Fiorina: Get the Feds Out of Your Child’s Education

Former Hewlett-Packard CEO Carly Fiorina (photo credit: John Pemble via Flickr, CC BY-ND 2.0)
Former Hewlett-Packard CEO Carly Fiorina (photo credit: John Pemble via Flickr, CC BY-ND 2.0)

Most of the Republican presidential candidates at least pay lip service to the idea of local control over education. Some even call for abolishing the U.S. Department of Education (USED). But what do these positions really mean? Does “local control” extend to standards and testing (the federal government’s big stick), or should the federal government ride herd over those aspects of education? Would abolishing USED accomplish anything other than rolling its responsibilities over to a different agency (such as the Department of Labor, given the workforce-development mania in the national education establishment)?

At last weekend’s Practical Federalism forum in New Hampshire, Carly Fiorina responded to a question with refreshing specificity. Here was the question: “Right now the federal government mandates in what subjects and in what grades children should be subjected to standardized tests. Do you oppose the federal government having this power?” This was Fiorina’s answer: “Yes.” So for the first time, a candidate has come out against a specific power that USED has exercised under No Child Left Behind — a power that Congress is seeking to reauthorize through the two bills that are now in conference after having passed the Senate and the House. And Fiorina went on to connect the exorbitant growth of USED over the years with the overall decline in the quality of public education.

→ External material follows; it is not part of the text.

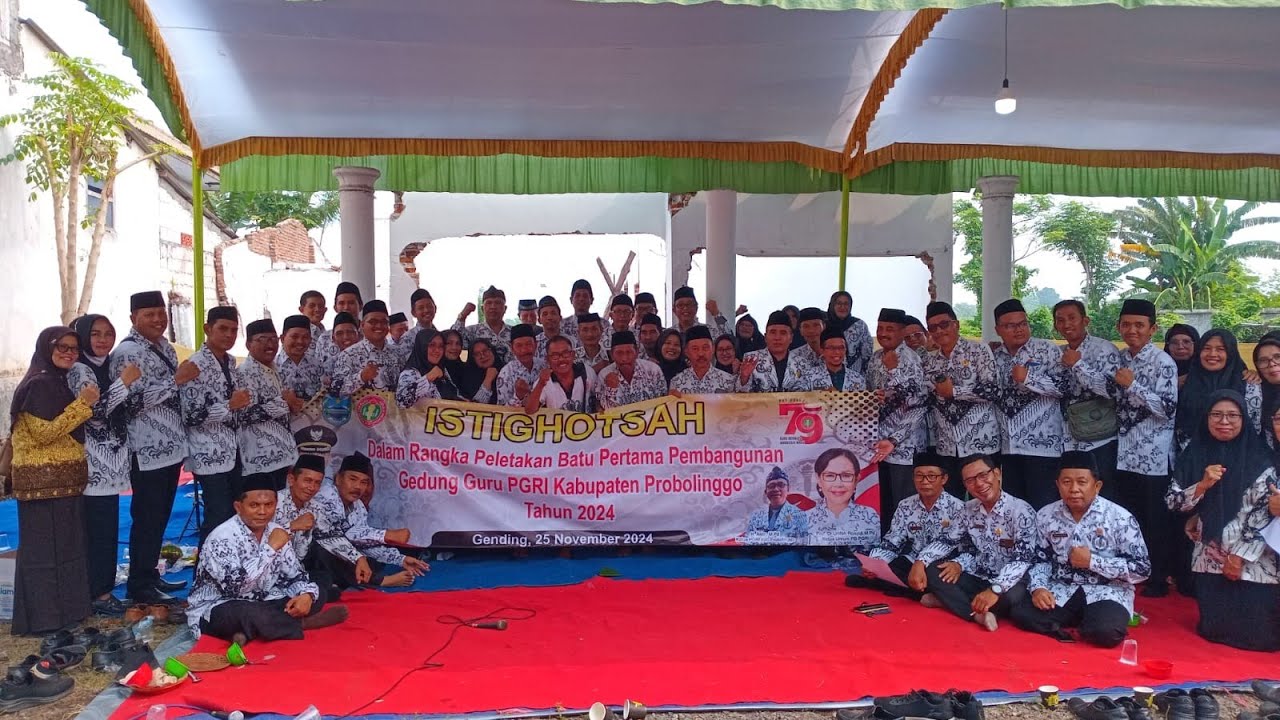 Peletakan Batu Pertama Pembangunan Gedung PGRI Kabupaten Probolinggo Tahun 2024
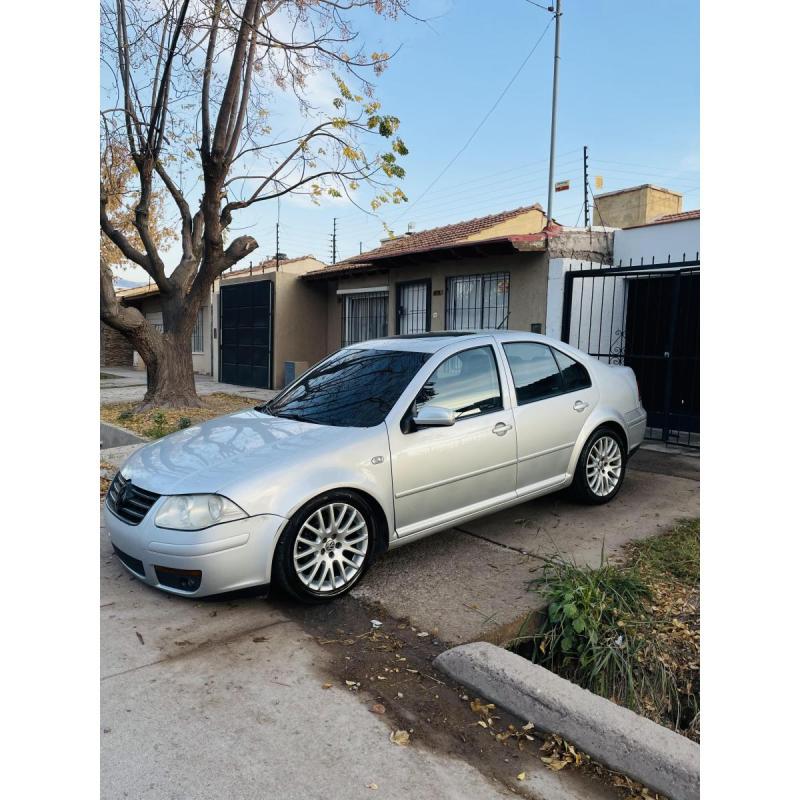 Volkswagen bora 1.8 t 2010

The federal testing mandate that Fiorina has now specifically condemned is one of the worst features of No Child Left Behind, because the testing tail wags the education dog. If the federal government controls the testing, it controls education, period. The failure of so-called “conservative” senators and House members to see this — and their vote to continue the mandate for years in the name of “accountability” — shows how out of touch they are with millions of parents and teachers throughout the country. It’s time the schools returned to being accountable to parents and their wishes, not to a distant federal bureaucracy.

Fiorina also offered the following description of the Common Core scheme:

I don’t know how it started, but what it’s turned into without a doubt, written in part by testing companies and textbook companies – that’s called crony capitalism, ladies and gentlemen, they are trying to protect their interests in all of this – what Common Core has turned into is a bureaucratic standardized program telling teachers how to teach and students how to learn, and it will not help.

At its root, though, Common Core was, and is, a bad idea, and that’s an important point to make. Common Core rests on taking natural decision-making away from local communities and states and transferring it to the federal government and special interests. That is never a good idea. But that’s the federal government’s modus operandi, and the reason why confidence in the national government is at a historic low. Moreover, when people are cut off from decision-making on something that is inherently a local matter, we consistently end up with a poor policy product. For example, Common Core locks children into an inferior education that fails to prepare children for higher education.

Fiorina’s statement against federally dictated testing is welcome, and she deserves credit for it. It is especially welcome because the Republican-led Congress is rushing to reauthorize No Child Left Behind (NCLB) and the testing mandates in it. Their goal is to get the President a bill that he will sign before he leaves office. It is the major education bill in the United States, a bill signed by President George W. Bush and sponsored by Rep. John Boehner (R-OH), George Miller (D-CA), and Ted Kennedy (D-MA).  It is an unmitigated disaster that ruined the education of countless children. And now the Republican-led Congress wants America to think that the idea of NCLB was good; it just morphed into something unintended.

Neither Congress nor the federal government enjoy the confidence of the American people.  The Republican party, like its forebear the Whig party, is dying due to its inability to stand on principle. In the primaries, people are turning to outsiders in a desperate search for someone who will usher in systemic change. The candidates don’t seem to realize this.  They dance around the edges. But they do not (yet?) have a set of cogent policy reforms –executive orders and proposed statutes — showing how they will transfer power back to the states and the people.

Emmett McGroarty is the executive director of APIA Education.